Waking up to find that you’re suffering from a migraine attack is one of the worst ways to start the day. Sadly it’s not uncommon for migraine sufferers. Many of us are regularly greeted in the morning by an attack already underway, with early morning between 4-9 a.m. being the most common time for migraine headaches to occur.
There are a few reasons why “morning migraines”, as they’re sometimes called, happen. Dehydration is one. The American Migraine Foundation have found that up to a third of migraine sufferers say that dehydration, even mild dehydration, is a trigger. Countering this by drinking lots before bed isn’t necessarily the best idea though, since going to sleep only to wake up an hour or two later needing the loo can contribute to another morning migraine trigger – disturbed sleep.
There is an established relationship between sleep disorders and migraines.

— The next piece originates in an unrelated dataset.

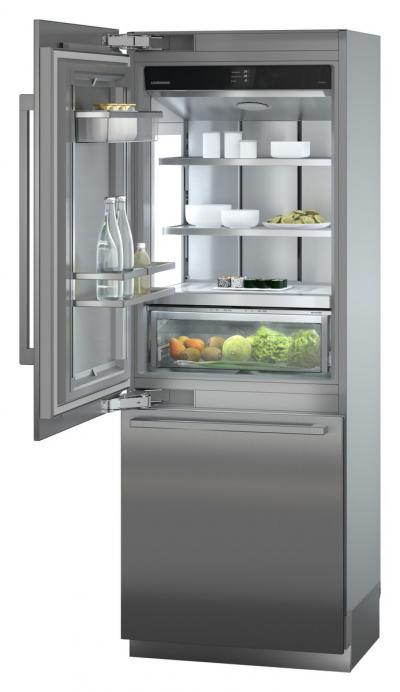 30" Liebherr 14.5 Cu. Ft. Combined Refrigerator-Rreezer with BioFresh and NoFrost  - MCB3051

For example; studies have shown that people with insomnia have an increased risk of suffering from migraine headaches compared to people who don’t have insomnia. Poor sleep quality can also be a migraine trigger – snoring, teeth grinding, and a failure to reach REM sleep as a result of waking up too often can all be migraine triggers. So too can a general lack of sleep, or even too much sleep. Small wonder then that migraine attacks beginning in the morning are common.
Another trigger for morning migraines is medication withdrawal. Medications which treat pain (both over-the-counter and prescription pain medications) usually wear off within 4-8 hours of taking them, so by the time we wake up after a good many hours of sleep, the pain can easily be back. For anyone who takes a lot of pain medication, this is the ideal time for the effects of rebound headaches to take hold.
Hormonal changes may also help to trigger morning migraines. Between 4-8 a.m. our bodies produce fewer endorphins, and as these are natural pain-reducing compounds it makes sense that migraines can feel particularly awful first thing in the morning. Adrenaline is also released in greater quantities during the hours of early morning, and as this hormone affects blood pressure and blood vessel contraction and dilation, this could be another contributing hormonal factor in morning migraine attacks.
Finally, caffeine withdrawal may be a morning migraine trigger. If drinking a caffeinated drink usually helps to relieve your migraine attacks, this could be a sign that caffeine withdrawal is a big contributing factor of your morning migraines. In which case, a cup of coffee could be a short-term solution, while gradually weaning yourself off caffeine could be a big help in the long-term.